Today Defra has announced the long-overdue creation of Marine Conservation Zones (MCZs) around England’s coast. Just 27 MCZs have been created, and none of them are fully protected from activities that damage ecosystems and threaten the long term health of our ocean.

This announcement follows years of campaigning by conservation organisations, and advice from some of the country’s leading ocean science authorities that without a fully comprehensive and representative ecological network of MCZs, the marine environment around England will become irrevocably damaged. The failure of the coalition government to heed the clear advice from their own scientific advisors on this issue threatens not only the biodiversity of our oceans but also the livelihoods of our traditional inshore fishing fleets.

Elisabeth Whitebread, the Green Party’s policy advisor on marine issues, said:

"The North Sea is now one of the most degraded marine ecosystems on the planet, and it is our generation that will pay the price if we don’t act now. The MCZ process has been a shambles right from the start, costing millions of pounds with very little positive to show for it. Scientific advice has been ignored, and now we have only 27 MCZs, none of which will be properly “protected” at all. The only stakeholder group this government seems interesting in listening to are the multinational companies that fish our offshore waters with vast industrial vessels, who unlike our own inshore fishing communities have no interest in the long term viability of our fish stocks, and certainly no concern for our native wildlife. We urge the government to pay attention to their scientific advisors and use their remaining time in office to designate MCZs that will deliver actual benefits to our oceans."

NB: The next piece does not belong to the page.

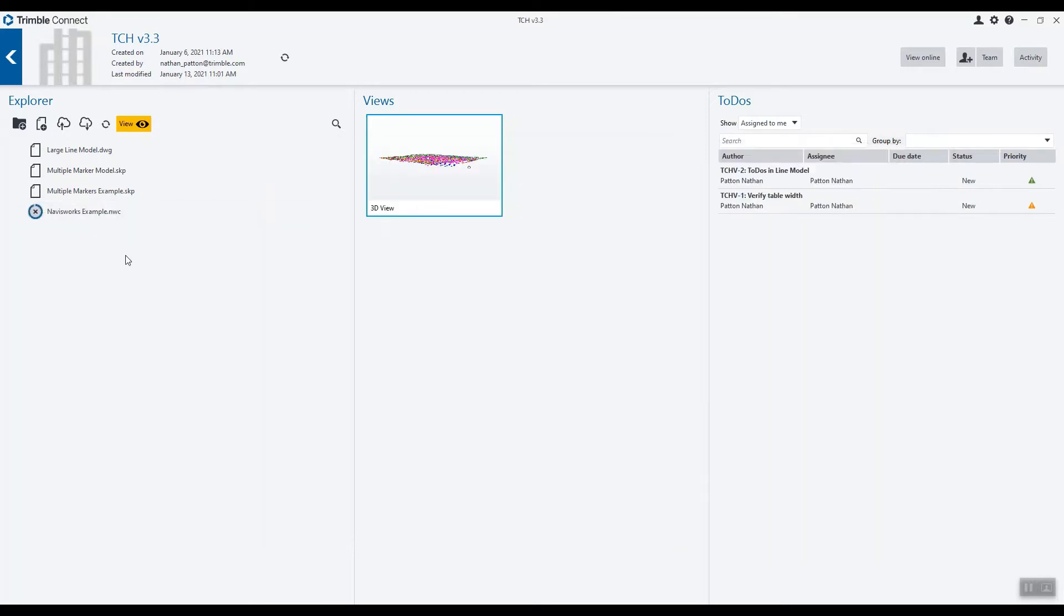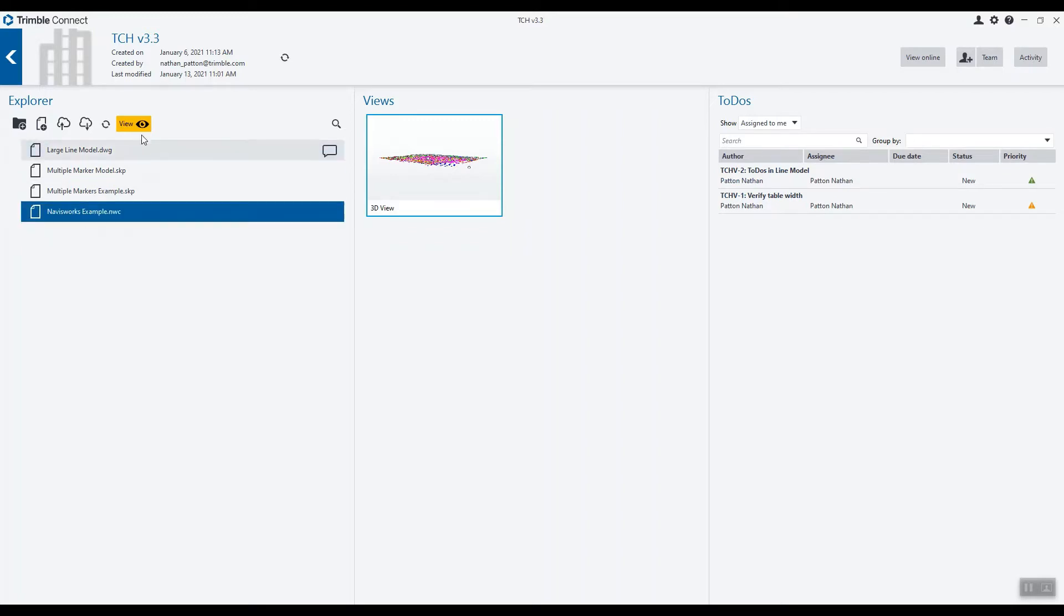Once we've done this, we need to wait for the conversion process to take place, and then we can simply select our file and tap View to visualize the model.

Flamborough Coastline by Scott Rimmer

Flamborough Coastline by Scott Rimmer

The Green Party says it would work with conservation groups, scientists, local communities and fishermen to create a truly comprehensive and representative network of MCZs, with 30% of Britain’s seas being managed by local communities as fully “no-take” areas, where no damaging activities would be allowed. This would ensure not only the regeneration of fish stocks and a healthy and prosperous inshore fishing industry, but would also maintain our marine ecosystems intact for future generations and support the promotion of biodiverse and healthy seas. Unlike the coalition government, the Green Party says its marine policy is based on scientific evidence [1]. On this issue, as with the badger cull, drugs policy, climate change, early years education and countless other areas, this government seems either incapable or unwilling to listen to the science.